Wilson uses Pugh/Robey as an example of a certain vision of Englishness, at once mundane and transcendent, against which to measure the decline which was setting in even as the country rejected Macmillan’s discredited conservatism and brought in Harold Wilson’s Labour government with its talk of the “white heat” of change and recovery. Blake’s “Jerusalem,” that quintessentially English anthem, echoes throughout the book, and is sung in the closing pages as the bulldozers move in to flatten a Stone Age site which Rice Robey has tried in vain to preserve. An unfinished sentence (“it is a pity to see…”) spoken by his cousin Felicity leads Julian into one of his sad musings:

Pity to see that people age, but they do not grow up?
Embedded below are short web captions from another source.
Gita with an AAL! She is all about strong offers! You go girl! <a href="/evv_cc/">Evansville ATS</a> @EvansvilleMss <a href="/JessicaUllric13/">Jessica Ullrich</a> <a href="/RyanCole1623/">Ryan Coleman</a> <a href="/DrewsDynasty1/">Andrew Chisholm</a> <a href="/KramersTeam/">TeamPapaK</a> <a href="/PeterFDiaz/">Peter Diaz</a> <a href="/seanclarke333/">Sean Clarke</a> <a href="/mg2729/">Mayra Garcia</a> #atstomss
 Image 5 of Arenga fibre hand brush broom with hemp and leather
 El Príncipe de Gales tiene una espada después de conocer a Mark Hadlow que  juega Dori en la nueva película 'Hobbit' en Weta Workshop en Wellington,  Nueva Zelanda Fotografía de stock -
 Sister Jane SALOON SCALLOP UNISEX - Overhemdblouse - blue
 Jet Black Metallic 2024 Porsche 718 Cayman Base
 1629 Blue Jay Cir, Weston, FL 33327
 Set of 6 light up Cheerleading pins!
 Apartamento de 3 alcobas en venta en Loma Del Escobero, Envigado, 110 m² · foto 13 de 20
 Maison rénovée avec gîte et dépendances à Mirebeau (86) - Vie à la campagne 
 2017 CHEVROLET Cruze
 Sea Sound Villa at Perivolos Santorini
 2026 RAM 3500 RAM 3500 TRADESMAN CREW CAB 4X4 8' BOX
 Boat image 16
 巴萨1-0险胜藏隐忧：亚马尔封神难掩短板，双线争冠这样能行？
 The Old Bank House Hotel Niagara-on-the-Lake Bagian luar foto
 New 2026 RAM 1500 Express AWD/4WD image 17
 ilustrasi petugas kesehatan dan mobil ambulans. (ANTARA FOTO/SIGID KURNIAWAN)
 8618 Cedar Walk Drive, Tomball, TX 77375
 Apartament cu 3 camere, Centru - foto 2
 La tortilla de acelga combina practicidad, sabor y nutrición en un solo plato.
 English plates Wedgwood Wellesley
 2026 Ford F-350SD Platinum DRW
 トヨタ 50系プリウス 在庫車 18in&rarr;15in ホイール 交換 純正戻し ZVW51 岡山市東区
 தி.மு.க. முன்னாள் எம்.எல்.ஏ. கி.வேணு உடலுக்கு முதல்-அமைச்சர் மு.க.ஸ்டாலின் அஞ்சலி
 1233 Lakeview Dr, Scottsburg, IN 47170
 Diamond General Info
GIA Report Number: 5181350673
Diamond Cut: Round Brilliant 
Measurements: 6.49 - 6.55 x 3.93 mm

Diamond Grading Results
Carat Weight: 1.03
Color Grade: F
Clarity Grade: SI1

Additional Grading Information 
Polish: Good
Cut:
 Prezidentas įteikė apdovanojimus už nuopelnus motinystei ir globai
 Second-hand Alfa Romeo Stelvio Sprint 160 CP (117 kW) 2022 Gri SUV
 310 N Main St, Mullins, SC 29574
Or that England ages, and is being, has been, destroyed? Pity to see the world, turning on its sad old axis, learning no lessons, solving no problems, and increasing, with each of its revolutions, the sum of human misery?

I should not give the impression that Daughters of Albion is all melancholy and fond regrets; the elegiac tone is lightened everywhere by the rich and subtle comedy of Wilson’s characterization. Readers of the earlier volumes will be happy to meet again such favorites as Uncle Roy (a bore to rival Joseph Finsbury in Stevenson’s The Wrong Box), the cockneyfied Lord Vernon (“Ernie”) Lampitt and his cynical and hypochondriacal brother Sargent, and the caddish literary man-about-town (and, as this volume suggests, possible murderer) Raphael Hunter. Rice Robey is a splendid addition to this gallery of grotesques, with his shiny suit and lank hair and hypnotically flat voice; the “Daughters of Albion” of the title are the many women who fall for his—to Julian very dubious—charm:

One of Rice Robey’s emotional talents was in the ability to make his devotees compete with one another. They all wanted to show that they knew him better than the others—hence, presumably, their willingness to believe the worst about the Great Attachment, the woman with whom he shared his domestic life and who, presumably, in fact knew him best.

Though the portrait of Robey is a caricature, it is a subtle one, and allows A.N. Wilson to explore more deeply than in previous volumes of the series the themes of time and loss and national decay. He quotes from one of Albion Pugh’s novels one of the central assertions of his own book: “Each of us comes to fullness of life only when we have learnt how to mythologise it” and goes on.

Then I read in a book that “religion is what we do with our madness,” and I began to understand. The activities of the uncontrolled and unexplored self create religious belief, and it is in this unexplored area that we are most vulnerable. We protect the cloud-capp’d towers and gorgeous palaces of that insubstantial pageant more fervently than we would protect the quantum theory or Newton’s Law of Thermodynamics because that is where we have learnt to come to terms with life’s pain and muddle, if we have come to terms, which perhaps we never shall and perhaps we should not hope to do.

It is this Blakean concern with risky and, among fiction writers, unfashionable matters, such as religion, that gives depth to this splendidly entertaining and peculiarly moving comedy.